And you know what Volkswagen? I'm not going to blame Paddy for all the shit I've been through, because she's really just a pawn in your sick, twisted game of doling out adorable cars with faulty parts.

You are One. Sick. Puppy. You know that?

It started almost immediately. I got Paddy in 2002, the summer before my last year of college, and I was beyond stoked. For one thing, she had air conditioning, which is pretty necessary in D.C. in the summer time, but I wouldn't have known that since my previous car (Oh Joanie, you reliable little blueberry....) did not. Over the summer, a mere month after I got the car, my neighbor mentioned that the taillight was out. Weird. So I took it to the dealership and they gave me a new one. Not two days later, a cop pulled me over on my way home from a movie.

"Ma'am, did you know your taillight was out?" Right. So I took it back, but they told me that the taillight was working. Then the next night it wasn't working again, so I took it back, but it was.
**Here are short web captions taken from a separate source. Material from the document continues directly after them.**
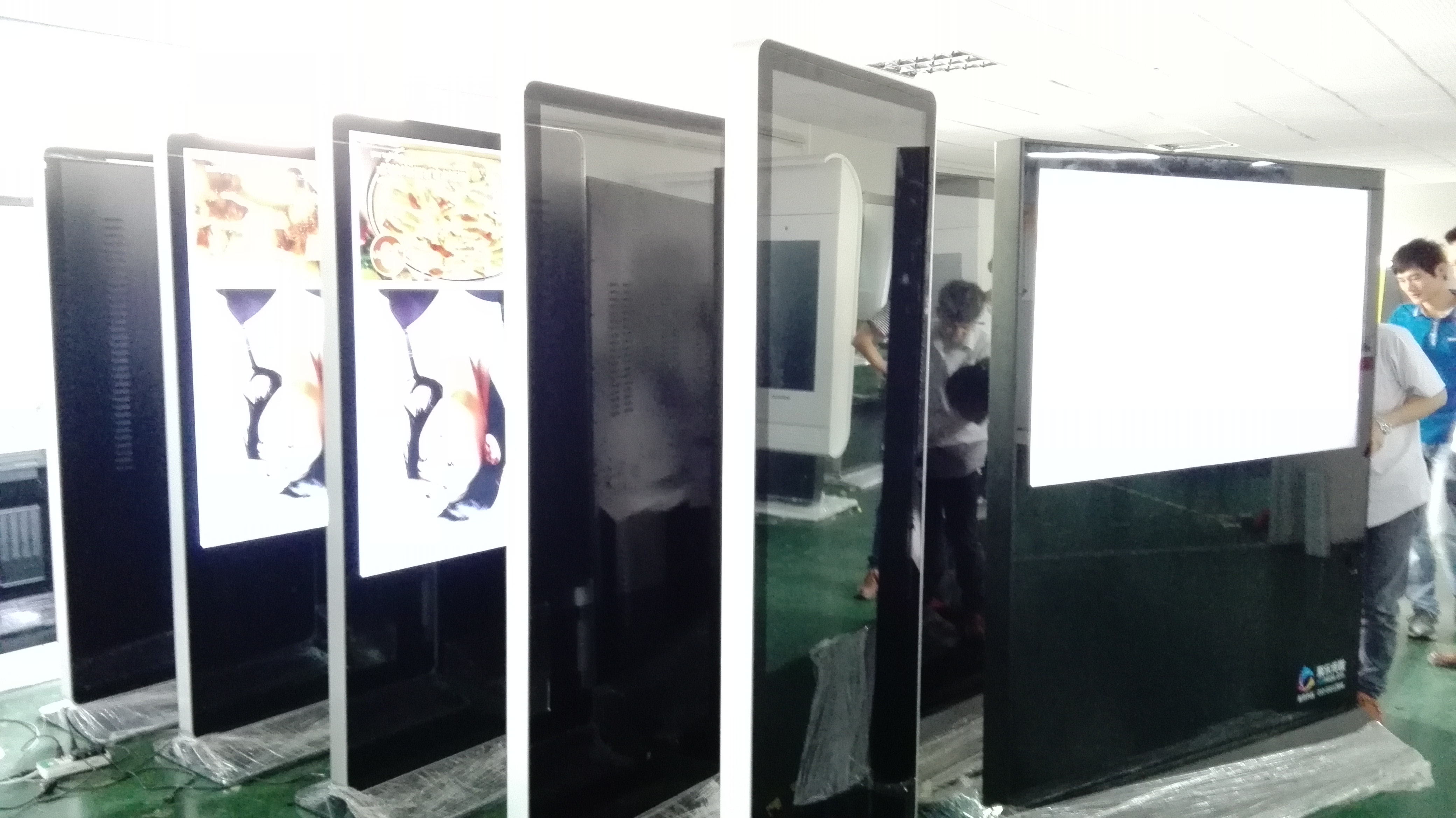 Подгонянный киоск экрана касания пола стоящий язык меню 43 дюймов множественный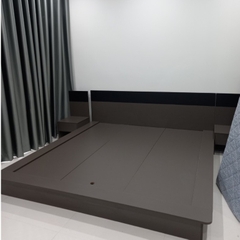 Giường Ngủ Cỡ Lớn Kèm 2 Tủ Đầu Giường cho Phòng Master Bằng Gỗ MDF Nhập Khẩu Yapi -506
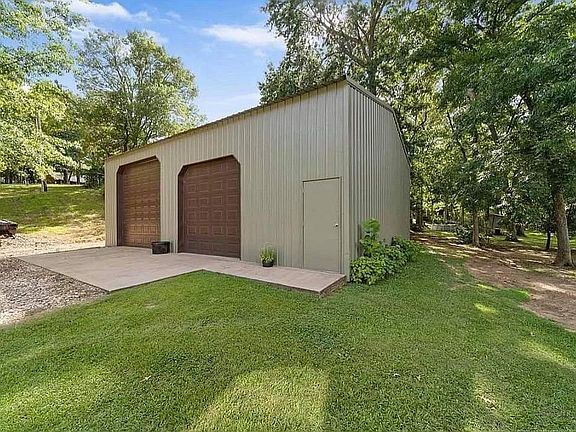 4th image of 22922 S 4150th Rd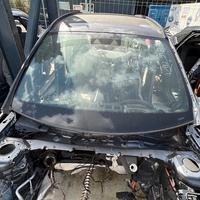 Parabrezza con sensori pioggia Mercedes Gla 2023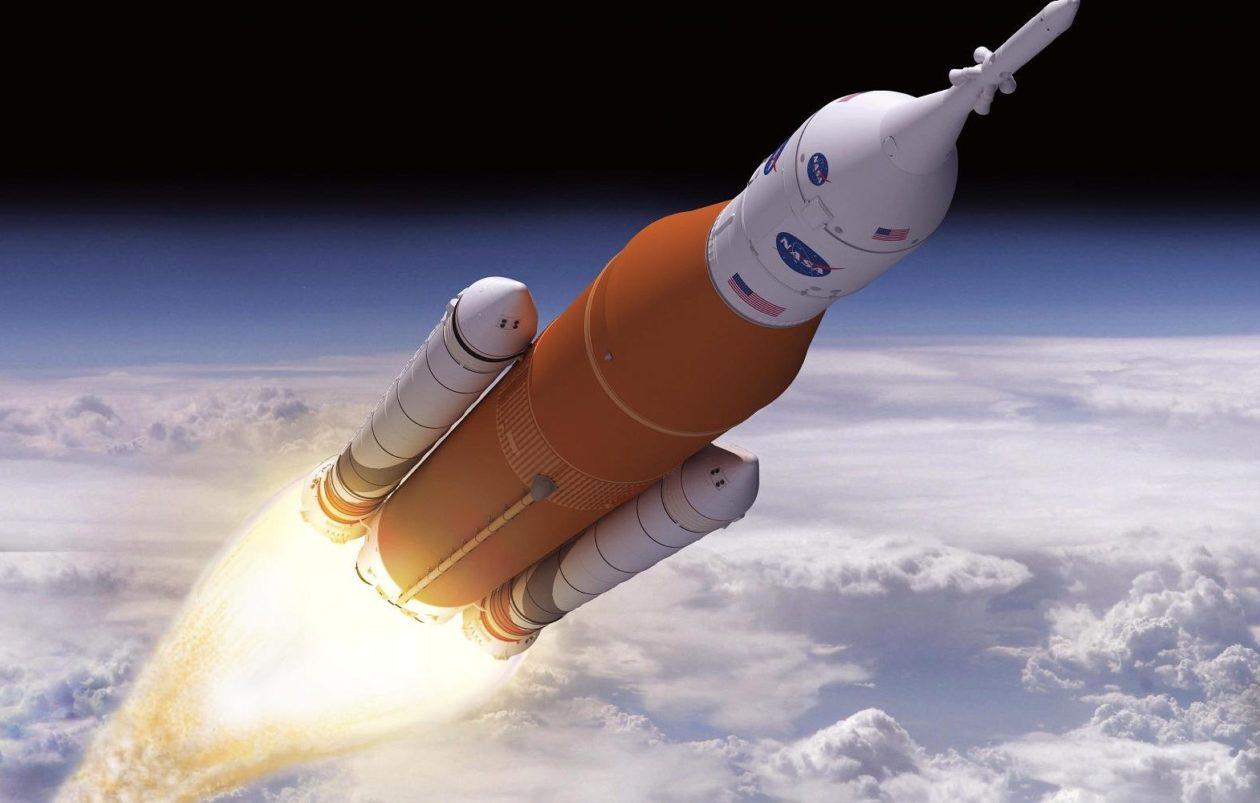 NASA ogłosiła pierwszy lot ogromnej rakiety księżycowej SLS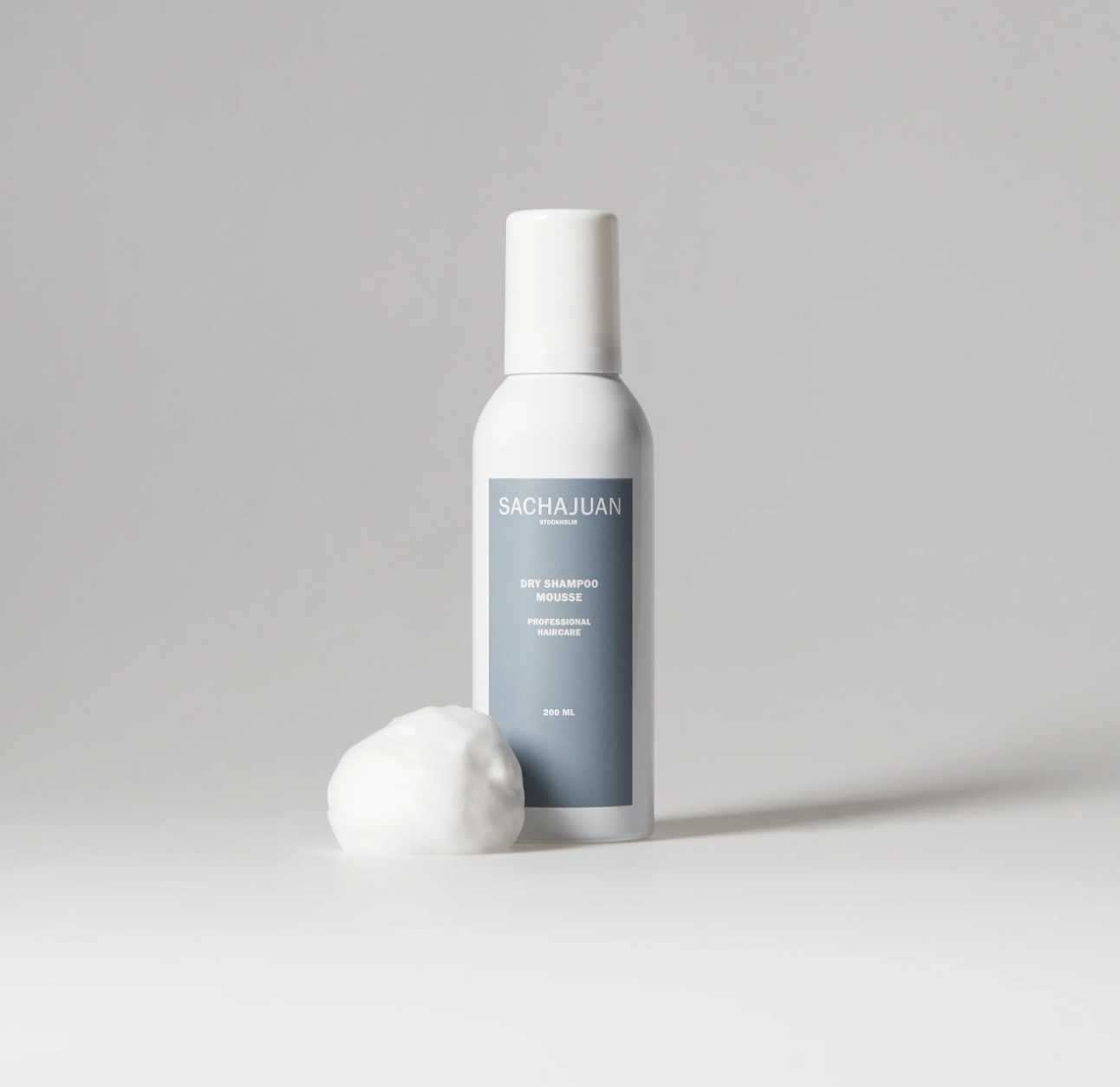 sachajuan - 200ml dry shampoo mousse.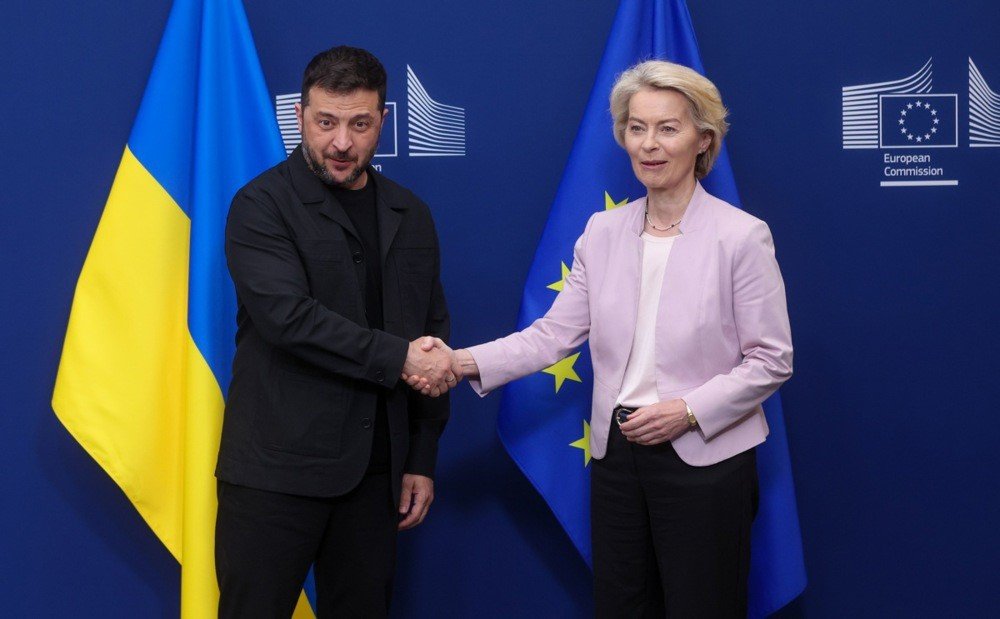 ab-komisyonu-baskani-ursula-von-der-leyen-ukrayna-silahli-kuvvetleri-uzerinde-herhangi-bir-sinirlama-olamaz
You can imagine, that this elaborate dance became a little frustrating. Finally, there was a recall. There was something wrong with a piece that connected some wires to the bulb, so sometimes the taillight would work and sometimes it wouldn't.

During fall break that same year, I was tooling around town when Paddy started to convulse. I shrieked and gave her a little pat on the dash, thinking that would calm her down, but instead a big red light in the shape of an engine lit up next to my speedometer. I had to leave Paddy at home because the dealer couldn't check her out for a week, so I took the 16-year-old Honda Accord with the pop-up lights back down to school with me.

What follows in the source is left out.